- Panorama from the eastern shore of lake Trylen
- Coordinates: 59°10′0″N 18°06′25″E﻿ / ﻿59.16667°N 18.10694°E
- Primary inflows: Local surface water
- Primary outflows: Övre Rudasjön
- Catchment area: 3.0 ha (7.4 acres)
- Basin countries: Sweden
- Surface area: 2 ha (4.9 acres)
- Max. depth: 3.7 m (12 ft)
- Surface elevation: 45 m (148 ft)
- Settlements: Huddinge

= Trylen =

Trylen is a small lake 17 km (10 mi) south of central Stockholm, Sweden. Shared by Huddinge Municipality and Haninge Municipality, it forms part of the Tyresån Lake System.

== Catchment area ==
With its catchment area characterized by morass and pine covered rock faces, Trylen is a popular spot for walking and bathing. Motorboats are not permitted on the lake. Fishing permits do not apply in the lake.

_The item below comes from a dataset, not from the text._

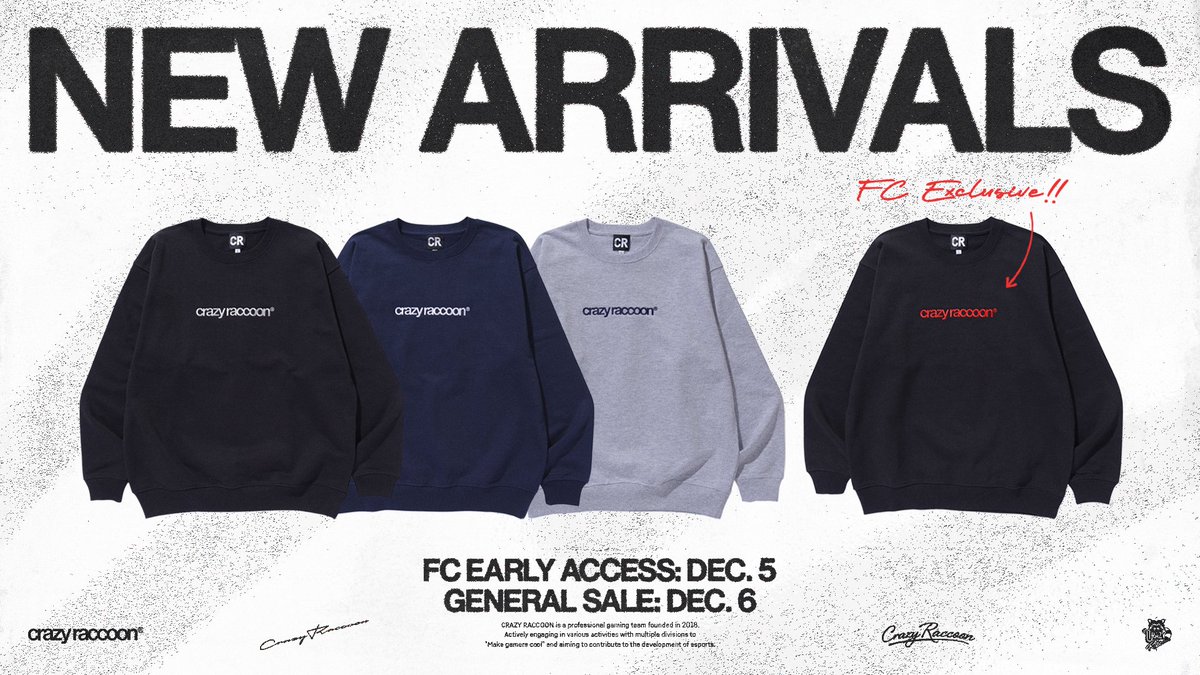 CRAZY RACCOON STORE】 ・SIMPLE CREWNECK - ¥13,200(tax in) ※BLACK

=== Environmental influence ===
Nutrients only reaches the lake from the air, which makes water quality high.

nutrition levels
| PTOT | NTOT | N/P-quota | Chlor | Sight depth | Colour | TOC | pH | Alk |
|---|---|---|---|---|---|---|---|---|
| 10 ug/L | 640 ug/L | 64 | 5 ^{[clarification needed]}a ug/L | 0,7 m (max) | 150 mg/L | 20 mg/L | 6,2 | 0,09 mekv/L |

== Flora and fauna ==
An inventory in 1998 documented common reed, water horsetail, Menyanthes, yellow water-lily, white water-lily, floating-leaf pondweed, and flatleaf bladderwort. Additionally, there are red algae and mosses such as Fontinalis dalecarlica.

Birds by the lake includes mallard and common goldeneye. Toads were reported in the lake in 2004, as were dragonflies such as brown hawkers and brilliant emerald. No reports are available concerning bats, fishes, and crayfish.